There are several machine learning patterns that can help you address mistakes:

  • Limitations help you set people’s expectations about the accuracy of your suggestions.
  • Corrections give people a way to be successful even when your results are wrong.
  • Attributions give people insight into where suggestions come from, which can help them understand mistakes.
  • Confidence helps you gauge the quality of your results, which can impact how you present them.
  • Feedback — both explicit and implicit — lets people tell you about mistakes that you might not be aware of.

Understand the significance of a mistake’s consequences. For example, incorrect keyboard suggestions might annoy people, but suggesting a travel route that results in a missed flight is a serious inconvenience. Show empathy by providing corrective actions or tools that match the seriousness of the mistake.

Make it easy for people to correct frequent or predictable mistakes. If you don’t give people an easy way to correct mistakes, they can lose trust in your app.

Continuously update your feature to reflect people’s evolving interests and preferences. One way to help you improve your understanding of users and avoid mistakes is to use implicit feedback to discover changes in their tastes and habits. You should also update your feature with domain-specific information, such as current trends in popular entertainment. Ideally, people don’t have to do any work to benefit from improvements in your app.

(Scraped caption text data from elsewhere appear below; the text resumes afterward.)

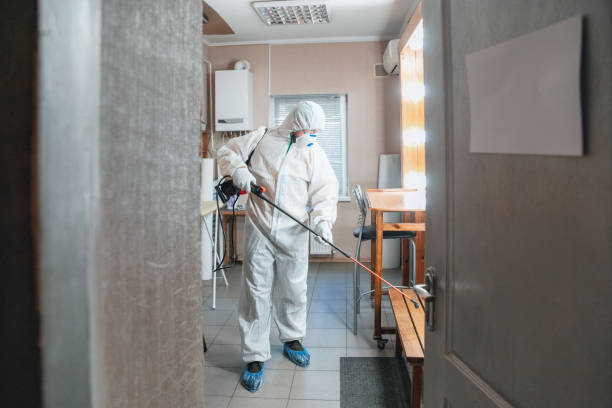 Best Mold Odor Removal Services  in Bowdon, GA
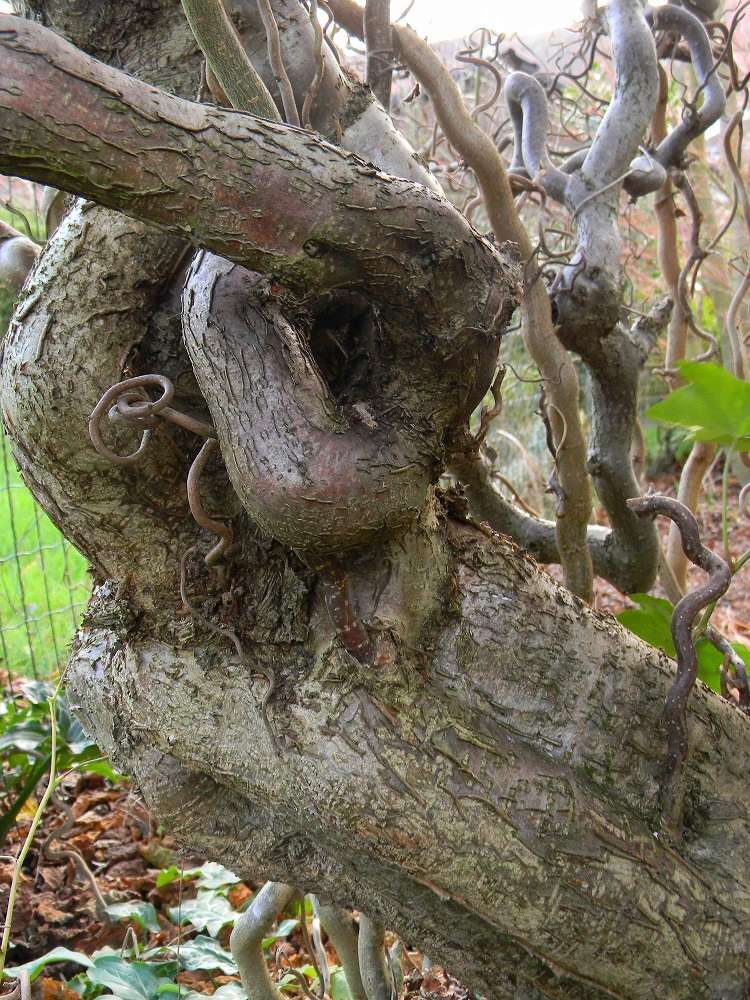 Corylus avellana 'Contorta'  Nois10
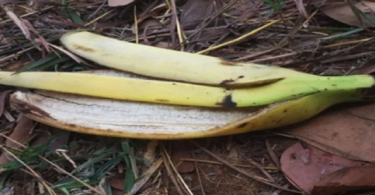 Ne jetez pas les peaux de banane à la poubelle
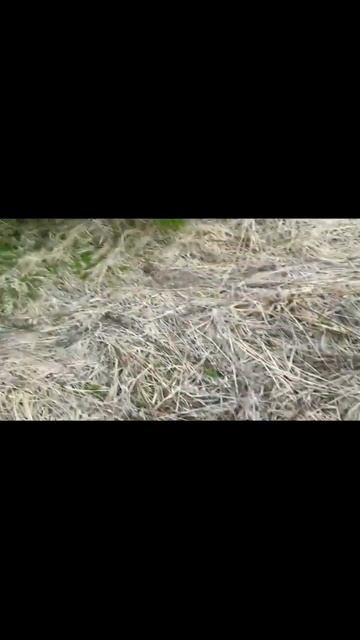 Не ожидал найти складень#коп #металлоискатель #коп2023 #? смотреть онлайн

When possible, address mistakes without complicating the UI. Some patterns, such as corrections and limitations, tend to integrate seamlessly with an app’s UI, whereas others, like attributions, can be harder to integrate. Balance a pattern’s effect on the UI with its potential for compounding the mistake. For example, if you update the UI with an attribution that turns out to be wrong, the effect of the original mistake is magnified.

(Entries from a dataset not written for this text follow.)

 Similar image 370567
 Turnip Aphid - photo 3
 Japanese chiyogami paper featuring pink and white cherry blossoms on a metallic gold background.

Be especially careful to avoid mistakes in proactive features. A proactive feature — like a suggestion based on user behaviors — promises valuable results without asking people to do anything to get them. However, because people don’t request a proactive feature, they often have less patience with its mistakes. Mistakes made by proactive features can also cause people to feel that they have less control.

As you work on reducing mistakes in one area, always consider the effect your work has on other areas and overall accuracy. For example, optimizing an image recognition app to improve how it recognizes dogs might result in a decreased ability to recognize cats. As your models evolve, be prepared for mistakes to evolve, too. Use what you know about people’s preferences to help you determine the areas to focus on.